How to structure multiple concurrent shuffles in the same block?

Hi,

I have written a shuffle reduction function that works well for warp size 32, so I can quickly reduce arrays of size <=32. I have a need to reduce arrays of size 64. So I modified the function to call two shuffle functions. The first shuffle reduces elements 0-31 correctly, and the second shuffle is supposed to reduce elements 32-63. Instead, the second shuffle seems to add a single element to the sum 32 times. I.e if element 32 contains a 10, then the “sum” output for the second array will become 320. I have provided the full code, just call shuffleReduce() from a main function.

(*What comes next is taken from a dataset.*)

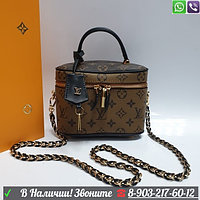 Louis Vuitton клатч сундучок на замочке с ключом Коричневый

I am aware that shuffle functions are bound by the max warp size (32) so I made blockDim.x and blockDim.y to both be 32. I.e 32 threads in X directions is one warp, and 32 threads in Y direction is another warp. Maybe my logic is wrong, but this should allow me to do two shuffles within the same kernel at the same time, as long as the shuffles do not need to share memory.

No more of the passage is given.